Remarkably, Denmark’s banking system had somehow imploded when most of the world wasn’t looking.
Much has been made of Ireland and its troubled banks, and rightly so.
Less known, however, is the fact that the Danish government has taken over 10 banks at last count, thereby raising the prospect of distressed asset sales.
It was against that invigorating background that PERE’s five Nordic participants – Johan Bergman, chief executive officer of Niam; Ari Danielsson, managing director of Reviva Capital; Peter Helfrich, managing director of the Nordics at ING Real Estate Investment Management (REIM); Mika Matikainen, partner and deputy head at CapMan Real Estate; and Tonny Nielsen, head of investment management for the Nordic region and Eastern Europe at Aberdeen Asset Management – met in downtown Stockholm. Together, they pooled their knowledge of this “world within a world”, hitherto regarded by investors as just a safe haven.
Saving Denmark’s bacon
To begin with, it seemed logical to ask about the differences between the real estate markets of Sweden, Norway, Denmark and Finland. According to Niam’s Bergman, Denmark has been slow to recover from an economic standpoint relative to Sweden and Norway, still he rates Denmark slightly above the other two countries from a buying perspective. That is when the issue of its banking system arose.
Indeed, it was just this February that Amagerbanken became Denmark’s tenth bank to collapse. Just like Ireland’s banks, Amagerbanken lost a lot of money lending to property developers and investors in commercial real estate. It also lost money on currency speculation and some wind energy projects, according to Denmark’s financial services authority, Finanstilsynet. It was read its last rites on 4 February when the bank missed a deadline to prove its solvency. The government body that manages failed Danish banks, Finansiel Stabilitet, subsequently put Amagerbanken’s assets up for sale.
With an eye on such distress, Niam, which manages opportunity funds targeting northern Europe, opened an office in Copenhagen five months ago – its first presence in Denmark. “We see the potential for volatility, and we like volatility,” Bergman says. “That’s the simple reason we opened the office: to be on the inside when it all happens.”

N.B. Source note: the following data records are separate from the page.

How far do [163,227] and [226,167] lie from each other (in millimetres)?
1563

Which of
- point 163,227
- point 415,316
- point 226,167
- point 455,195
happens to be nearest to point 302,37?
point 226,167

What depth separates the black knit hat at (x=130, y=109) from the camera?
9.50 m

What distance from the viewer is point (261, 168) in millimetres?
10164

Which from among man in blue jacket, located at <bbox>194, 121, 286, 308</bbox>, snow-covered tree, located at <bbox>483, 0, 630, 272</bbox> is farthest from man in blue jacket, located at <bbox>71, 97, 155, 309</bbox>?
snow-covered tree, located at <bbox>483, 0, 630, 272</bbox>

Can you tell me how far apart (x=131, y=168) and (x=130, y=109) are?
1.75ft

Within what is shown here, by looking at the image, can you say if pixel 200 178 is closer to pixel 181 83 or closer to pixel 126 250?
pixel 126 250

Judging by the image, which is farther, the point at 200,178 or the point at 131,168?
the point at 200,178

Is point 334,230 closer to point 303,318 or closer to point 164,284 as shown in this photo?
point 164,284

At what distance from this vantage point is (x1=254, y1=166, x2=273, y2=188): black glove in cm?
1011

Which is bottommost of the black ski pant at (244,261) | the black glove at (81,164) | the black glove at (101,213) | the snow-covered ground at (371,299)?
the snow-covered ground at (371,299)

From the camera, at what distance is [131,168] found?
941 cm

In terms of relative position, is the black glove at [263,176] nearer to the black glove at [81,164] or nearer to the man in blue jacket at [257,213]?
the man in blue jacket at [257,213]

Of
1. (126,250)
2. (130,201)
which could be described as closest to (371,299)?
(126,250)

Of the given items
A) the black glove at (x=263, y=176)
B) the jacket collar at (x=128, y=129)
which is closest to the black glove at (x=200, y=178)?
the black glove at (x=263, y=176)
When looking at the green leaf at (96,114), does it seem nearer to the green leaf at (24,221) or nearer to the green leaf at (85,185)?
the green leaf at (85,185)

Luxembourg-based Reviva Capital, which was set up just one year ago as a distressed advisor to clients such as banks and already manages €1.5 billion in assets, has spotted the opportunity in Denmark as well. With a business plan to expand its services throughout Europe, co-founder Danielsson said his firm is in discussions with some parties to see if it can help.

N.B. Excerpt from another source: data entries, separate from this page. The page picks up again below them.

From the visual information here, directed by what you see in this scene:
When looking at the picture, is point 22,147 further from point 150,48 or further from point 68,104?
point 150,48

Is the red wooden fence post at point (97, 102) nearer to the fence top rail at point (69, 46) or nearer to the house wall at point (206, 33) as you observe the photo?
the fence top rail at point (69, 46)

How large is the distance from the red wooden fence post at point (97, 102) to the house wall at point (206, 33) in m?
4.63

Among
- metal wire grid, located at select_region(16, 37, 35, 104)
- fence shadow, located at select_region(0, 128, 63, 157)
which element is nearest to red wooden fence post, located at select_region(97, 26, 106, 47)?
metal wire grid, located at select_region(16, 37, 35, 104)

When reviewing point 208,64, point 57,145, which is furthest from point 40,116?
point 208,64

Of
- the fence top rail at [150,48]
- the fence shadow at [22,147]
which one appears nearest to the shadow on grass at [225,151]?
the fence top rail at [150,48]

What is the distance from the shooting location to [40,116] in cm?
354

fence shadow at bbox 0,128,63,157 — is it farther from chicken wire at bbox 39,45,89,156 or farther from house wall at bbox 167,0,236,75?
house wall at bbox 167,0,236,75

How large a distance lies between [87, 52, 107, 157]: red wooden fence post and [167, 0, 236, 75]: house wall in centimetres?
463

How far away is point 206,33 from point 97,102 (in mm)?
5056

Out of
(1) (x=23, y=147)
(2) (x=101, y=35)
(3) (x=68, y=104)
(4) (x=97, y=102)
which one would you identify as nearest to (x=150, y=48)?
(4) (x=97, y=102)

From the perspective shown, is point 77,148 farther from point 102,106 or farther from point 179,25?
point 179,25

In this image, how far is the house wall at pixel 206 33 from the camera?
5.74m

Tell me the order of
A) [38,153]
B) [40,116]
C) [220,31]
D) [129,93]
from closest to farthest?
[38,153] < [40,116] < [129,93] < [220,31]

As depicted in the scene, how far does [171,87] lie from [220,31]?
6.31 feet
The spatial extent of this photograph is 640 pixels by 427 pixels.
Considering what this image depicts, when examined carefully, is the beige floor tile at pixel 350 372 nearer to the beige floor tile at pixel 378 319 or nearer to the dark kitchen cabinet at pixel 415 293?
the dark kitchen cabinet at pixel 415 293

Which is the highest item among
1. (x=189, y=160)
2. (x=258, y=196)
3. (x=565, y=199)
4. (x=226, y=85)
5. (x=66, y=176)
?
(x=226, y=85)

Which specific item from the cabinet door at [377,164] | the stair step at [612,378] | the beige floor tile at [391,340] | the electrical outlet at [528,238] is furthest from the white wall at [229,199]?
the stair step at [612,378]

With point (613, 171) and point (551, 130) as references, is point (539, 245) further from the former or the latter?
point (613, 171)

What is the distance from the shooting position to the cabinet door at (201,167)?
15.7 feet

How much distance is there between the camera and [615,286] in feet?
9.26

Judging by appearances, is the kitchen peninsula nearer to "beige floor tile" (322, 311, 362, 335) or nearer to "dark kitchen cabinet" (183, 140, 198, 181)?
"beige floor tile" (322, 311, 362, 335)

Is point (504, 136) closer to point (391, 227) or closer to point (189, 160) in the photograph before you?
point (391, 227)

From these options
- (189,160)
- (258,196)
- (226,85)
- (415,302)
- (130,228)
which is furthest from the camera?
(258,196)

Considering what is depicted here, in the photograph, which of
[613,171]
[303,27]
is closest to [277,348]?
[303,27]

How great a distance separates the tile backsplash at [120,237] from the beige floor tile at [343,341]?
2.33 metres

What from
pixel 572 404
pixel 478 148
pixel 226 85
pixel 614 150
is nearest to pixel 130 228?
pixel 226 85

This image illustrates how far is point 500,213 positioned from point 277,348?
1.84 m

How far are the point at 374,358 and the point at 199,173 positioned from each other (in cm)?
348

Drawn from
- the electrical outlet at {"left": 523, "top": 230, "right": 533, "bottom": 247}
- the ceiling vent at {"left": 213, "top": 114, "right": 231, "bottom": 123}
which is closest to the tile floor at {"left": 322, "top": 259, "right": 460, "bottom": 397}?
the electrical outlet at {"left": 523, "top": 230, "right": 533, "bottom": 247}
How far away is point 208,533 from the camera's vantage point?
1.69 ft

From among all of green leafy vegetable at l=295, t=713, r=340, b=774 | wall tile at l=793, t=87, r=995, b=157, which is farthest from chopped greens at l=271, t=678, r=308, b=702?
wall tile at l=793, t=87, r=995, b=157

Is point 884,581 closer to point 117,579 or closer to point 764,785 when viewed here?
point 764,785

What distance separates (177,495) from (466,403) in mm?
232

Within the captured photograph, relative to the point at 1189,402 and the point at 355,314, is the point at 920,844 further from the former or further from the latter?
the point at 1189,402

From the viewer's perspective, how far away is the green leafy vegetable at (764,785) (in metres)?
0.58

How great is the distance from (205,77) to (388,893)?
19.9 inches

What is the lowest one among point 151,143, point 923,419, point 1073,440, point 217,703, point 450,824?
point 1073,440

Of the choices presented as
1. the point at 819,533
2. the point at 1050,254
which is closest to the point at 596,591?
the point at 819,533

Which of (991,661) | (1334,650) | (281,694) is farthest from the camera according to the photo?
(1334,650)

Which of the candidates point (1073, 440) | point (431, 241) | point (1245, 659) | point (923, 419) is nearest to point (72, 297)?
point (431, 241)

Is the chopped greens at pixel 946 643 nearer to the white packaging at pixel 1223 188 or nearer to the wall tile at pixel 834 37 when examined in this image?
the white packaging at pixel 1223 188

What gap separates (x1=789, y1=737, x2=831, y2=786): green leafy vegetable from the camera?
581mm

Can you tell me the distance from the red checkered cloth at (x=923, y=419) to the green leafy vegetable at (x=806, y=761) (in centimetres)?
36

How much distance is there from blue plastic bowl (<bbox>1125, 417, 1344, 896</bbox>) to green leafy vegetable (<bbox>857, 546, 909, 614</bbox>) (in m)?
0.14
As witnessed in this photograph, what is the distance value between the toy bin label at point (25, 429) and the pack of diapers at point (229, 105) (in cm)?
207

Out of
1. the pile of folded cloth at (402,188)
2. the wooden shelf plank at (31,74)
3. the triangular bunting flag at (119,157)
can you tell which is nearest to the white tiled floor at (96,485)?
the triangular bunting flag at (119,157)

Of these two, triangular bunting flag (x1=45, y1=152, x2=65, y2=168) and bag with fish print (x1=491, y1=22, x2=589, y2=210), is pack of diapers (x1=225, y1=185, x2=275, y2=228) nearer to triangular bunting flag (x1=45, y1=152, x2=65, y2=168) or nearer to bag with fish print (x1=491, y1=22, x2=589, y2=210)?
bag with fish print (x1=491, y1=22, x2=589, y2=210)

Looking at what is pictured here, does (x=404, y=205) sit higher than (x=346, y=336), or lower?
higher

“If one looks at the Scandinavian countries, it is Denmark that has the most severe banking crisis,” Danielsson says. “There were a lot of smaller players that outgrew their own capacity, getting into cross-border lending or following their customers too fast. The banking sector is just now in the consolidation phase – they are sweeping the floor.”
Adding more colour, CapMan’s Matikainen explains that the “over-banked” sector in Denmark saw individual retail investors pooled into property investment clubs for tax purposes. Something like €300 million of junior debt was built up for assets, often secondary, in Sweden, Germany and the UK, leading to a pretty distressed situation.
Aberdeen’s Nielsen – the only one of the five participants actually based in Denmark –emphatically endorses the view of those looking to do business in the country. “We see opportunity mainly in Denmark, and mainly because of finance,” he says. “Banks want to de-lever.”
As a result, Denmark, the smallest of the Scandinavian countries with a population of just 5.5 million, suddenly has become interesting to real estate professionals. In 2010, Denmark was voted the world’s “happiest country,” according to a Gallop poll flagged up on the country’s official website, but it seems the people who will be happier still are those that can make money from its banks.
Iceland’s slow thaw
Denmark is only following the lead of Iceland, which was the first country in northern Europe to suffer a meltdown in the wake of the global financial crisis. Icelandic banks went berserk in their heyday, expanding exponentially overseas. Then it all imploded, and the dismantling of their foreign investments has been taking place gradually ever since.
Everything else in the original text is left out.